Lihat ke Halaman Asli

Susy Haryawan

TERVERIFIKASI

biasa saja htttps://susyharyawan.com eLwine

Kisah Rachel Mariam, Sebuah Mental Terabas Seturut Teori Koentjaraningrat

Diperbarui: 9 April 2016   19:28

Kompasiana adalah platform blog. Konten ini menjadi tanggung jawab bloger dan tidak mewakili pandangan redaksi Kompas.

Humaniora. Sumber ilustrasi: PEXELS/San Fermin Pamplona

Kisah Rachel Mariam, Sebuah Mental Terabas Seturut Teori Koentjaraningrat

Beberapa waktu lalu, media dihebohkan dengan beredarnya sebuah surat dari anggota dewan kepada seorang duta besar di Perancis. Sang anggot dewan meminta disediakan sarana transportasi ketika liburannya di sana. Pro kontra, pembelaan dan celaan silih berganti. Jelas saja ada dua kubu, akan selalu, karena memang demikian ciri dunia ini. Ini hanya sebuah ilustrasi sejarah panjang bangsa ini.

Mental Terabas

Bahasa Koentjaraningrat yang agak kurang familier, kecuali di dalam istilah kekinian potong kompas, instan, dan sejenisnya. Apakah hal ini gaya baru? Bukan, justru sejak masa kemerdekaan juga dipakai, dan sayangnya tidak diubah dan diatasi agar makin baik dan menjadi pembelajaran hidup bersama. Pasca kemerdekaan, darurat, wajar lah ketika pejabat, militer, sistem pemerintahan, dan segalanya masih memakai perangkat warisan penjajah, yang banyak juga yang tidak lagi relevan untuk pembangunan.

Era  akhir ’60-an ada istilah guru kilat. Ini orang-orang yang cukup pendidikannya diberi kursus sekian bulan dan diberi SK untuk mengajar. Pengalaman bapak yang bersama guru model ini, menulis saja dari ujung lembaran buku sampai ujung lagi, padahal buku zaman itu ada garis di tepinya. Bisa dipahami bagaimana keadaan darurat itu ya susah untuk mencari yang ideal, minimalis malum akhirnya menjadi pilihan.

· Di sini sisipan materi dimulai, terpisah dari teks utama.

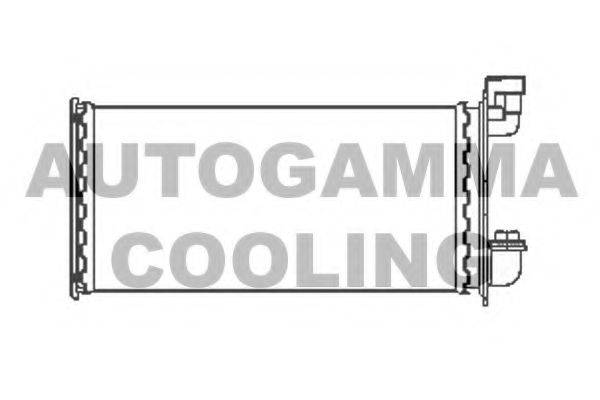 AUTOGAMMA 102536 Теплообменник, отопление салона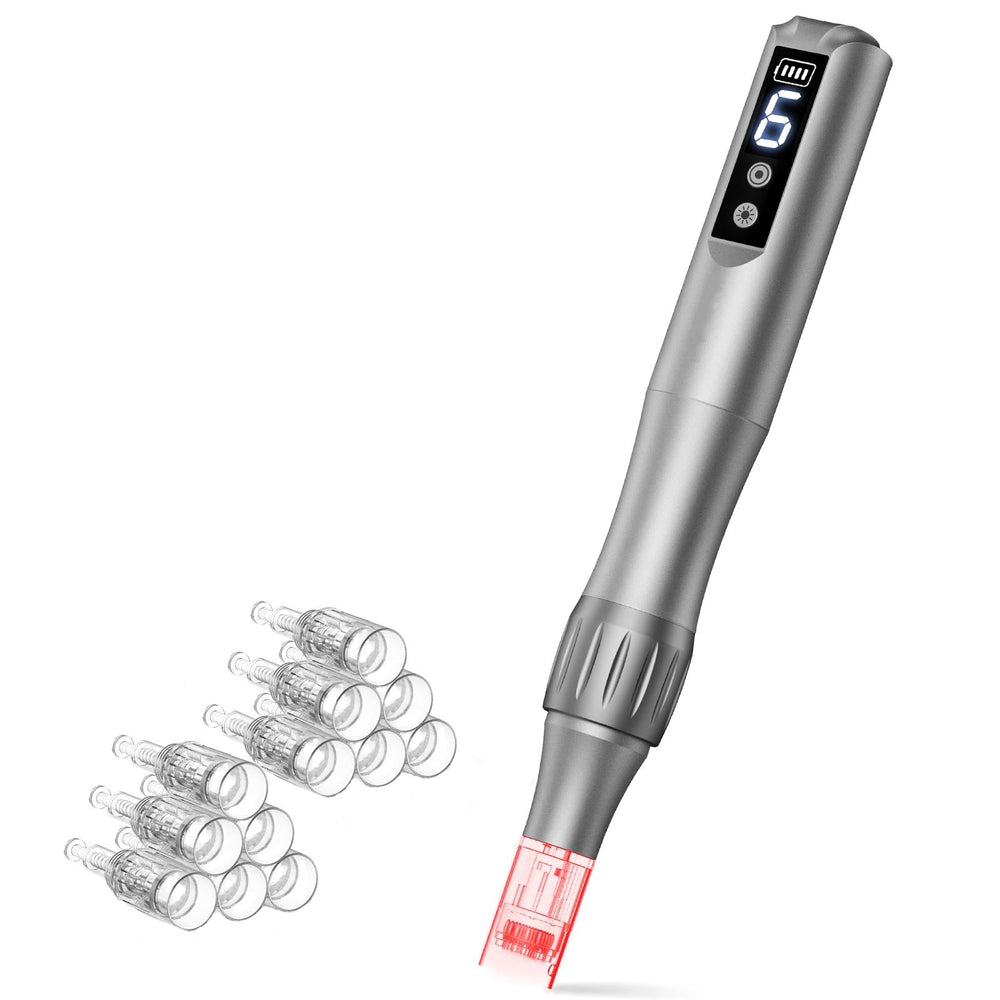 Glemme microneedle derma roller pen 0.25mm, compact for precise at-home sessions.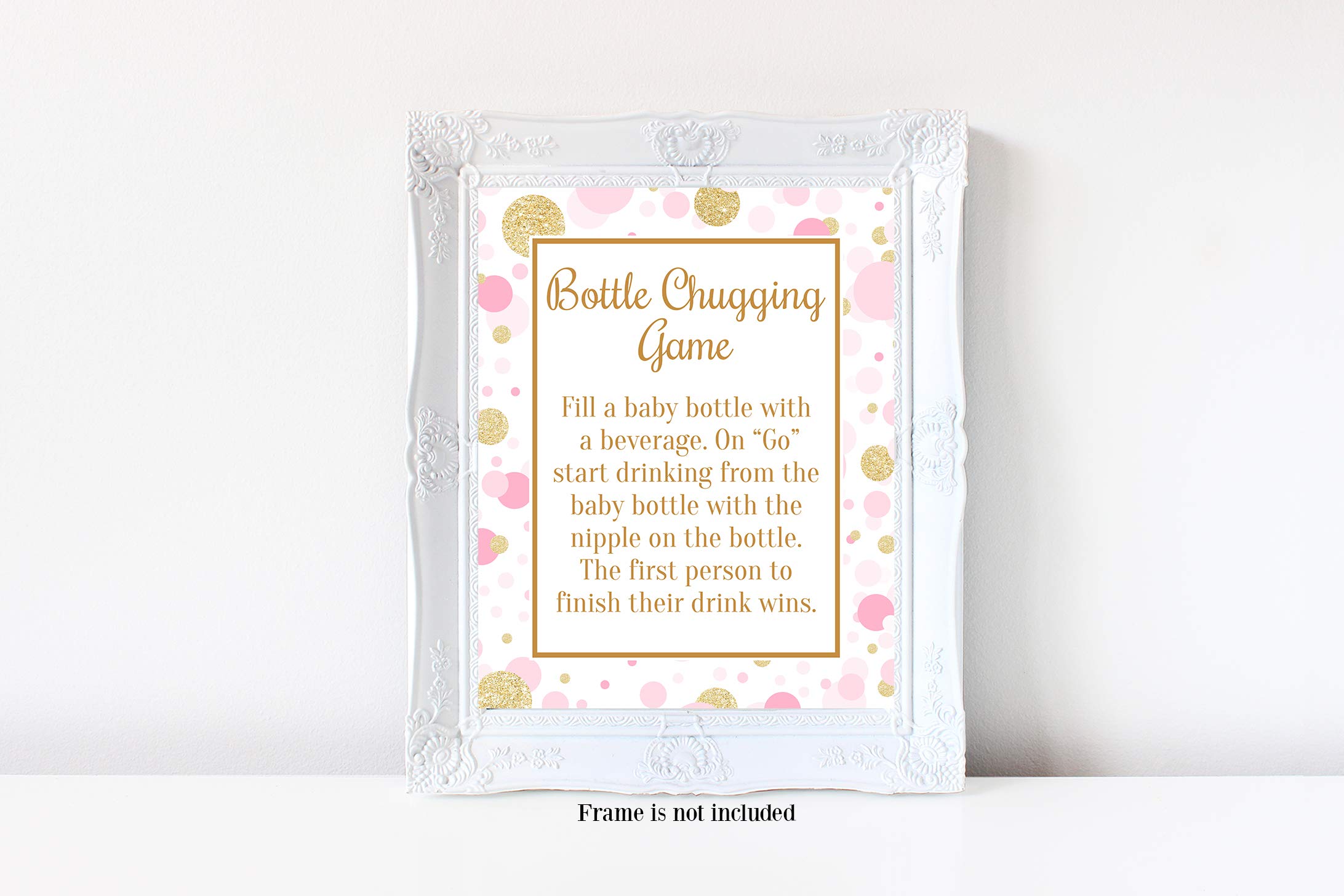 Buy Pink and Gold Baby Shower, Bottle Chugging Game, CoEd Baby Shower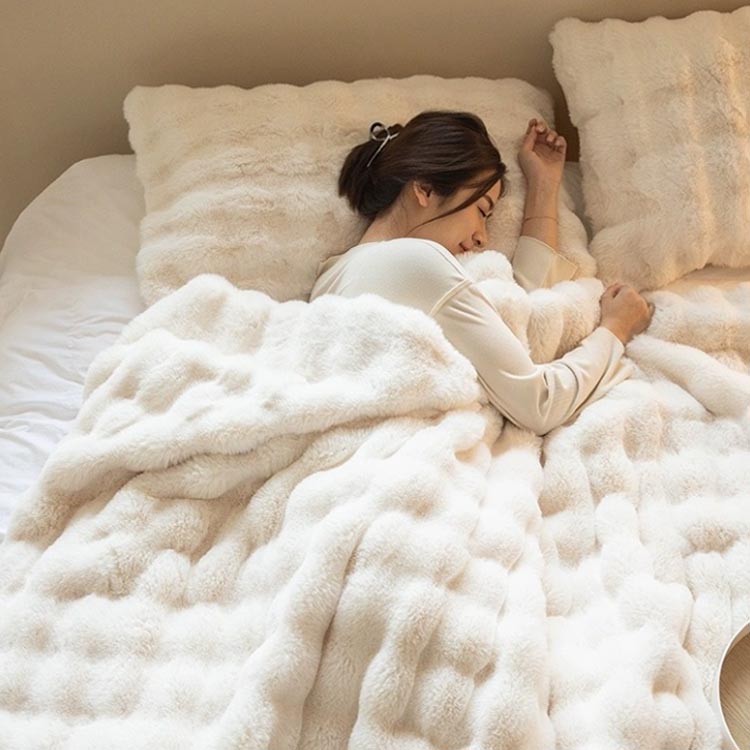 もこもこ毛布とろとろ掛け毛布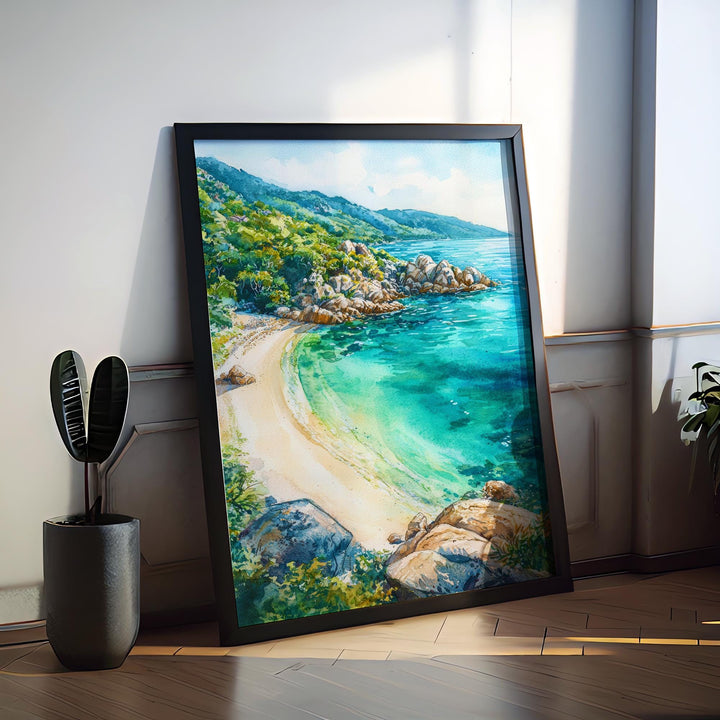Magnetic Island, Australia: Alma Bay Watercolor Poster Wall Art Alma Bay Wall Hanging Home Décor Alma Bay Gift Art Lovers Australia Art
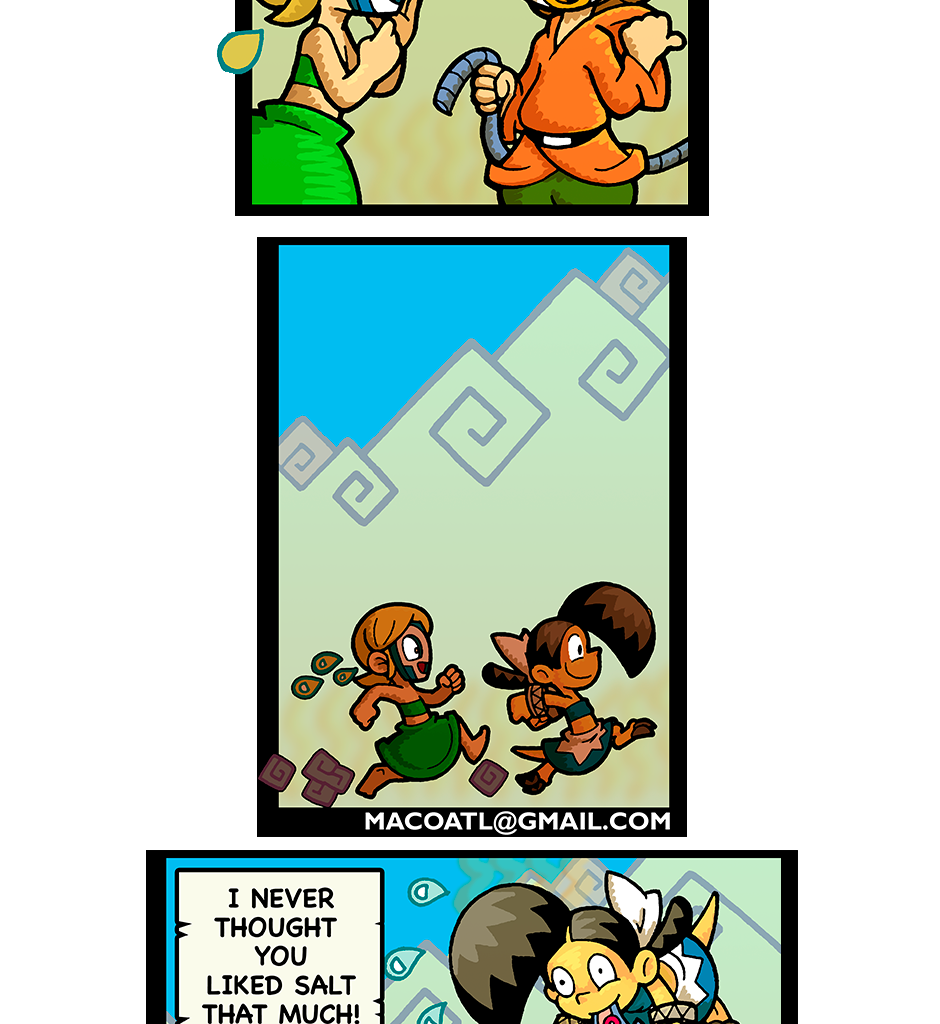 Macoatl - Episode 436, Page 1:  Desert fish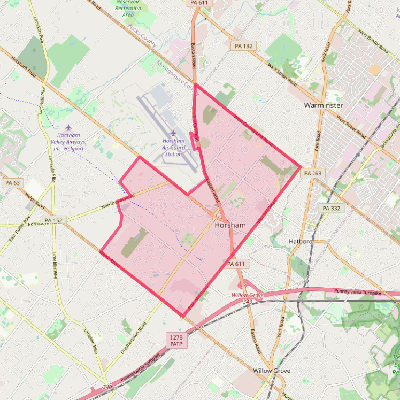 Map of Horsham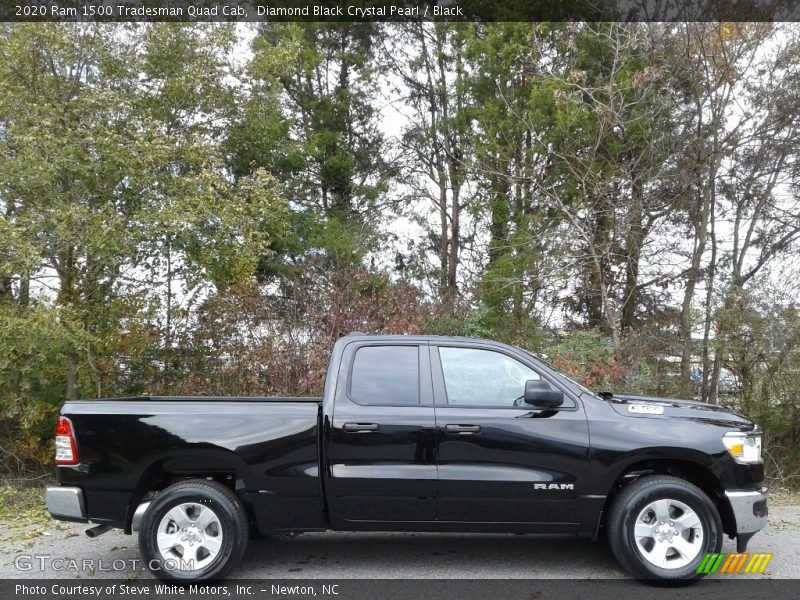  2020 1500 Tradesman Quad Cab Diamond Black Crystal Pearl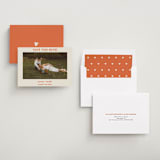 "Modern Outline" - Save the Dates in Hibiscus by Stephanie Heinrich Godbout - Assembled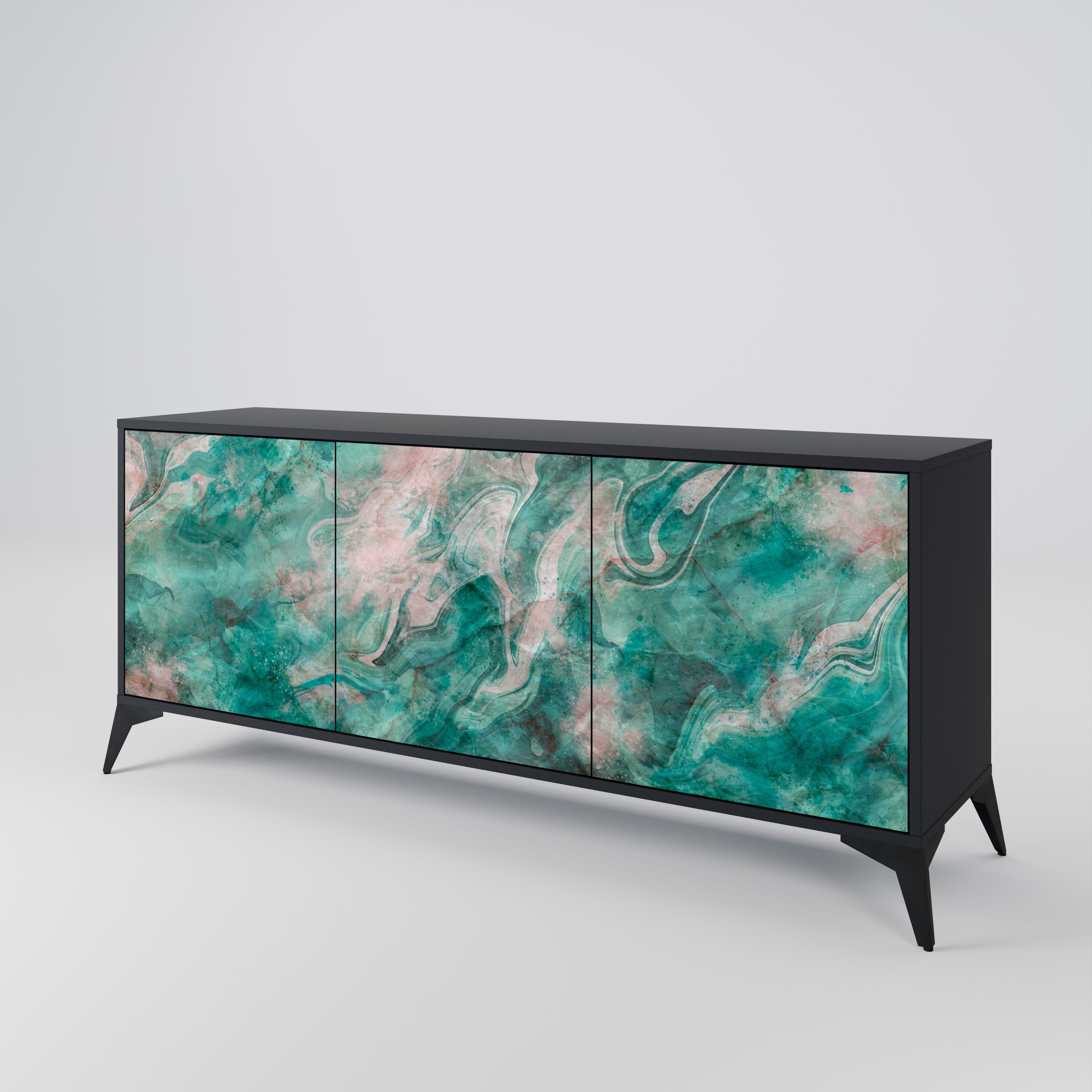 ABSTRACT ALCHEMY 3-Door Sideboard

Tidak heran ketika ada pejabat terlihat moncer akan dicabut dan dipakai untuk lembaga ini atau itu. Apa yang terjadi? Jelas frustasi bagi pelaku jenjang karir di lembaga tersebut. Selain itu menjadi pelaku yang diorbitkan ini bisa menjadi besar kepala atau mandeg dalam capaiannya.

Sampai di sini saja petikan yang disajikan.